Many different representation approaches have been proposed for HAR. In this paper, we broadly classify these approaches into three: hand-crafted, transformational and deep representations. Previous works have not provided a definitive answer as to which feature extraction approach is best due to the often mixed or contradictory results reported in different works [14]. This may be attributed to the differences in the configurations (e.g. sensor types, sensor locations, types of activities etc.) used in different works. For this reason, we conduct a comparative study of five different representation approaches from the three representation classes in order to determine which representation works best for our particular configuration (single wrist-mounted accelerometer) and our choice of activity classes.
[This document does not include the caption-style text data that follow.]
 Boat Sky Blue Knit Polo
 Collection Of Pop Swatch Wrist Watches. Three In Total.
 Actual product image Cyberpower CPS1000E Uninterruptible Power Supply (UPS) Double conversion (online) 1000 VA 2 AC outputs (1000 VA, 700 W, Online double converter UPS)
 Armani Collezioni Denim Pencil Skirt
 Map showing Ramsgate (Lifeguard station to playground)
The second consideration for HAR is personalisation, where training examples can either be acquired from a general population (subject-independent), or from the target user of the system (subject-dependent). Previous works have shown using subject-dependent data to result in superior performance [3, 8, 16]. The relatively poorer performance of subject-independent models can be attributed to variations in activity patterns, gait or posture between different individuals [11]. However, training a classifier exclusively with user provided data is not practical in a real-world configuration as this places significant cognitive burden on the user to provide sufficient amounts of training data required to build a personalised model. In this paper, we introduce a nearest neighbour sampling approach for subject-independent training example selection. In doing so, we achieve personalisation by ensuring only those examples that best match a user’s activity pattern influence the generation of the HAR model. Our approach uses nearest neighbour to identify subject-independent examples that are most similar to a small number of labelled examples provided by the user. In this way, our approach avoids the practical limitations of subject-dependent training. Our work draws inspiration from selective sampling in CBR where useful cases are sampled from the set of available cases for building effective case-bases [7, 17].
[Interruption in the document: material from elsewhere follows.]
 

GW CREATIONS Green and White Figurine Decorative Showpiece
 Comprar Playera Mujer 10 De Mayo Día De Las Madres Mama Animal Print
The rest of this paper is organised as follows: in Sect. 2, we discuss important related work on personalised HAR and selective sampling of examples. Section 3 discusses the different feature representation approaches considered in this work, while our kNN sampling approach is described in Sect. 4. A description of our dataset is presented in Sect. 5, evaluations are presented in Sect. 6 and conclusions follow in Sect. 7.

2 Related Work

The common approach to classifier training in HAR is to use subject-independent examples to create a general classification model. However, comparative evaluation with personalised models, trained using subject-dependent examples, show this to produce more accurate predictions [3, 8, 16]. In [16], a general model was compared with a personalised model using a c4.5 decision tree classifier. The general model produced an accuracy of 56.3% while the personalised model produced an accuracy of 94.6% using the same classification algorithm, which is an increase of 39.3%. Similarly, [3, 8] reported increases of 19.0% and 9.7% between personalised and general models respectively. However, all rely on access to subject-dependent training dataset. Such an approach has limited practical use for real-world applications because of the burden it places on users to provide sufficient training data.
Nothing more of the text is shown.